The government of Angela Merkel has carried out a considerable shift to the right in terms of foreign policy. It has more or less publicly backed the crimes of US imperialism in Iraq and unreservedly supported the brutal war of aggression by Israel against Lebanon. The German military is now carrying out its biggest-ever post-war military operation by sending German naval units to Lebanon.
The ruling elite in Germany is embarking on an increasingly confrontational course, not just in countries such as Iraq, Afghanistan and Lebanon, but also in Germany itself.
This is what Merkel means when she says, “We must take care that we do not continually back down because of fear of violent radicals.” The German population must accustom itself to terror attacks, which become more and more likely as German foreign and domestic policy becomes increasingly ruthless. Israeli-type security conditions are increasingly on the agenda for Germany.
This is why there has been such a broad rejection of Harms’ argument—i.e., that she sought to reduce the risks for the public and opera staff. As is the case in the US and Great Britain, the media and cultural institutions are being taken in hand for the purposes of a broad and hysterical “anti-terror struggle,” in which the real causes of terror are not to be raised—i.e., the aggressive drive by imperialist powers for oil and power in the Middle East and around the world.

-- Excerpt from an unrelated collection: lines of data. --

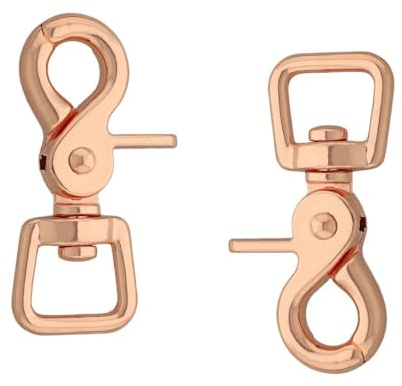 2er Set 360 Grad Scherenkarabiner – Vielseitige Snaps für Zügel und Leinen. Für Pferde und Hunde sowie Outdoor-Aktivitäten (Rosegold)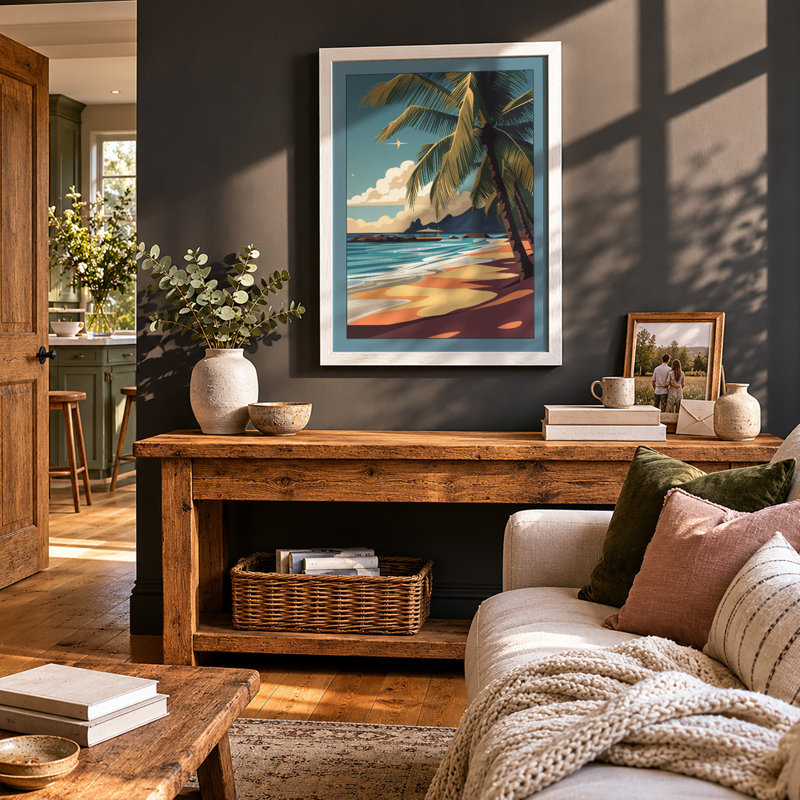 Tropical Beach Retreat Coastal - Framed Print, A3 - 42.0 x 29.7 cm, White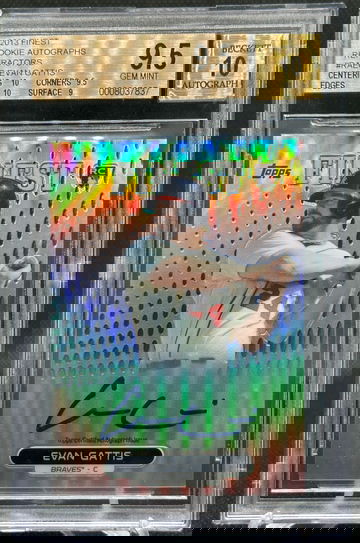 2013 Topps Finest REFRACTOR AUTO RC Evan Gattis BGS 9.5 GEM MINT! BRAVES!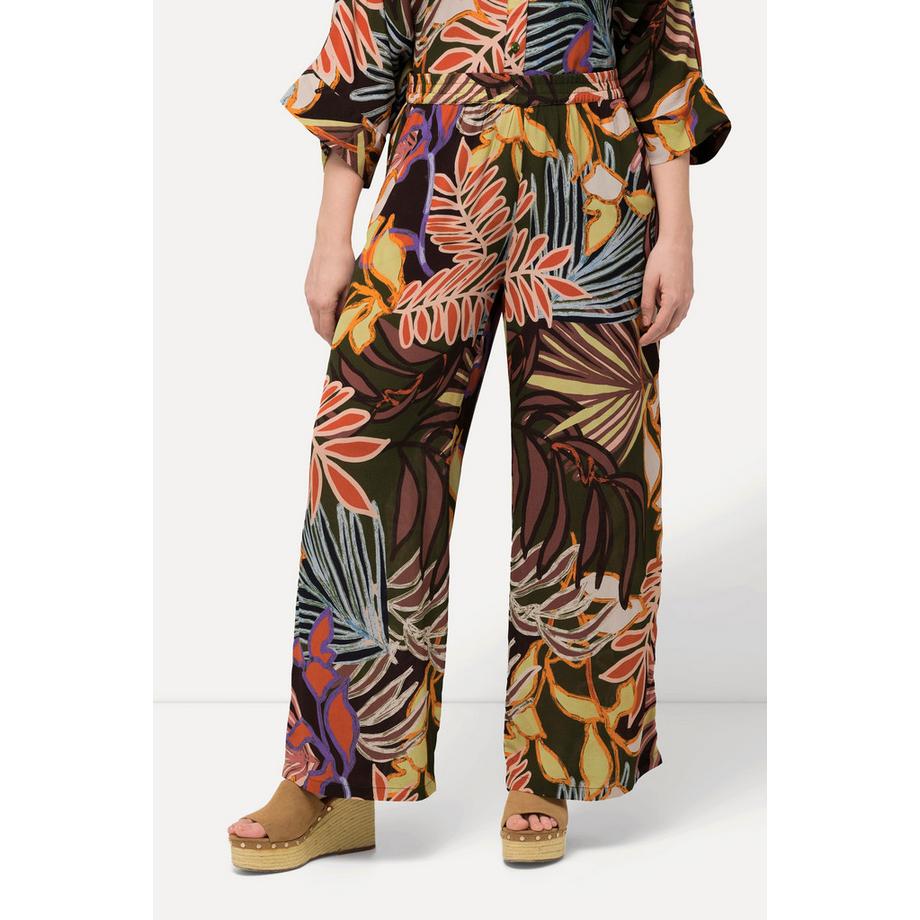 Ulla Popken Hose Blätter Weites Bein Elastikbund  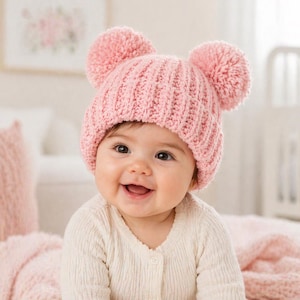 May include: A baby wearing a pink knitted hat with two large pom-poms. The hat is ribbed and covers the baby's head. The baby is smiling and wearing a white long-sleeved shirt. The background includes a pink blanket and a framed picture.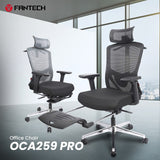 FANTECH OC-A259PRO Office Chair with Adjustable 4D Armrests, Retractable Leg Rest, Breathable Backrest, and Smart Features Black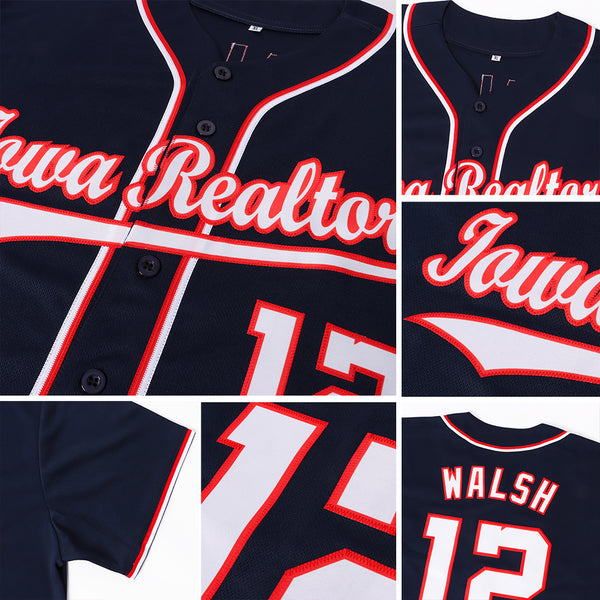 Stitches Red Washington Nationals Button-down Raglan Fashion Jersey for Men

Following the comments by Merkel, Schäuble and company, Berlin Mayor Klaus Wowereit (SPD), Interior Senator Körting and Culture Senator Thomas Flierl (Left Party-PDS) also fell into line, although they had all been advised of the cancellation of the opera. Now they sought to portray Harms’ decision as her own initiative, and to distance themselves from their former stance.
For his part, Flierl stated that “based on the estimations with which she was presented” he had regarded the decision made by Harms as “responsible,” but he now acknowledged that “the fact that the security doubts were neither up-to-date nor substantiated means that they were insufficient to justify a decision to cancel.”
Körting played down his previous warning and declared that his comment regarding his wish to see the building still standing was merely a joke. In line with Wowereit, Körting declared: “The caricature controversy, the debate over the lecture of Pope Benedict XVI in Regensburg and the discussion over the cancellation of Idomeneo at the German Opera House in Berlin make clear how necessary it is to conduct an open discussion with Muslims in Germany about respect for religious feelings on the one hand and freedom of speech and culture on the other.”
This comment exposes the real aim of the campaign surrounding the opera. The Mozart opera is to be utilized alongside the provocative Mohammed caricatures and the recent speech by the Pope to create a climate of fear and hysteria with regard to Muslims.
Körting has already shown where he stands on such issues. Only weeks ago he banned the display of pictures of Hezbollah leader Hassan Nasrallah on demonstrations protesting against the Lebanon war and threatened to break up such demonstrations if his edict was not complied with.
When the same politicians refer to “self-censorship” they lack any credibility. All of them agree when it comes to cutting subsidies for culture in general and for Berlin’s three opera houses in particular. They demand that the opera houses be as profitable as possible—a state of affairs which can only be achieved with full houses. In other words, German opera confronts the same criteria which prevail in German television: artistic quality and freedom must be sacrificed in favor of productions based on the lowest common denominator, tailored to appeal to private commercial sponsors.